For a veteran of film-making, Abbas Kiarostami has mostly stuck to filming within his homeland of Iran. Certified Copy marks his first foray outside his turtle-shell, and what better talent to have at your disposal, than the beautiful belle of France, Juliette Binoche..and what better place to do your filming than the seductive locales of Italy?
In a fashion so typical of all his movies, Kiarostami opens his film with such a passive perspective on his two main characters, that though being comfortable to watch from a bystander's point-of-view, it's more like eavesdropping on them. With a lecture that's purposefully boring, the story progresses just the way it started, like a work-in-progress, also ending with the same level of uncertainty and doubt.
Elle, a french antique-dealer and James (British opera-singer William Shimell in his first film-role) meet at a book-reading, where James is promoting his new book on the value of copies in art. Apparently, Elle is comfortable speaking French, English and Italian whenever she could, while James, who can understand these languages, still prefers to speak in his impeccably British-accented English. Elle has come to the reading along with her son, who immediately senses in her an urgent need to connect with James. This is revealed in a long, but witty and funny conversation between mother and son, which reveals that they're both living separately from the father at the moment. Through his agent/publicist, Elle obtains a private audience with James, which later evolves into a conversation-filled trip to the Italian countryside, one that winds in and out of their personal lives just like the road they travel, until they arrive at a quiet village in Tuscany. The conversation initially tends to stick to the topics relating to copies in art. But as we follow these two down the narrow lanes of the cobbled country-side, weaving in and out of museums, galleries, parks and around beautiful statues, we sense that each of the two are at complete ease in giving vent to emotions, even when one can sense that the other is trying to steer the conversation in a different direction, going with the flow with the same level of seriousness as the other.

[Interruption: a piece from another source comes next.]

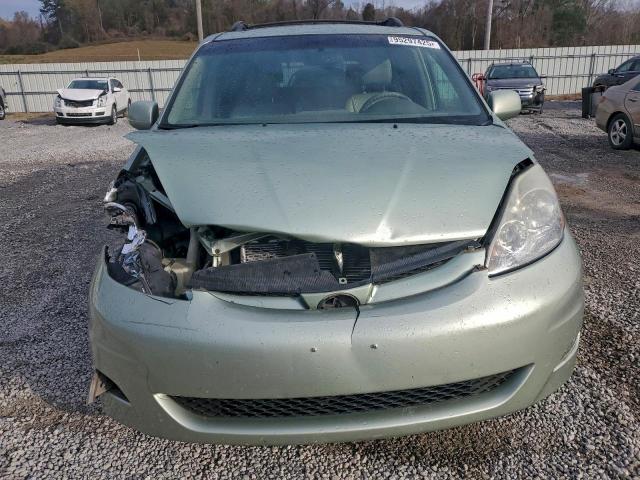 Toyota Sienna Xle Image 4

After one particular scene in a coffee-house, the conversation and it's corresponding reactions and emotions get so personal and impassioned with formal tones taking a steep dip, you begin to look closer into the true nature of the bond between the Elle and James. Are the two, actually like-minded people who have just met and found themselves in each other? Are they in love? Have these two met previously? Are they role-playing each other? Do they share a history longer than we think? Or even worse, is James actually the father of Elle's child? Or do these questions even matter at all?
From a deeper perspective, the subtly beautiful locales of Tuscany and also the actors' respective appearances might seem distorting, while appearing to be distractingly beautiful. The sole focus of your attention is instead focused on deciphering the nature of a relationship, through merely overhearing what two people have to talk and share. And for a professional actress, Juliette Binoche is at ease in supplementing her dialogue with facial reactions that seem both genuine, while at the same time restrained and coy. She is certainly the most beautiful woman in the world. I can’t think of another actor, male or female, who can light up the screen like she can with a simple smile. It’s a radiant thing. She won the Best Actress prize at Cannes for her work here, and it’s not hard to see why. Shimell is brilliant as a man who is obviously smitten by love, while using his sternness to bring about the doubt as to how old his love really is. I'm actually happy the director chose an unknown actor over the great Robert DeNiro, who while being awesome, would have overshadowed the uncertain theme completely with his mere presence in the film. My guess is that the two really ARE a married couple and that the impassiveness we see at the beginning was the certified copy.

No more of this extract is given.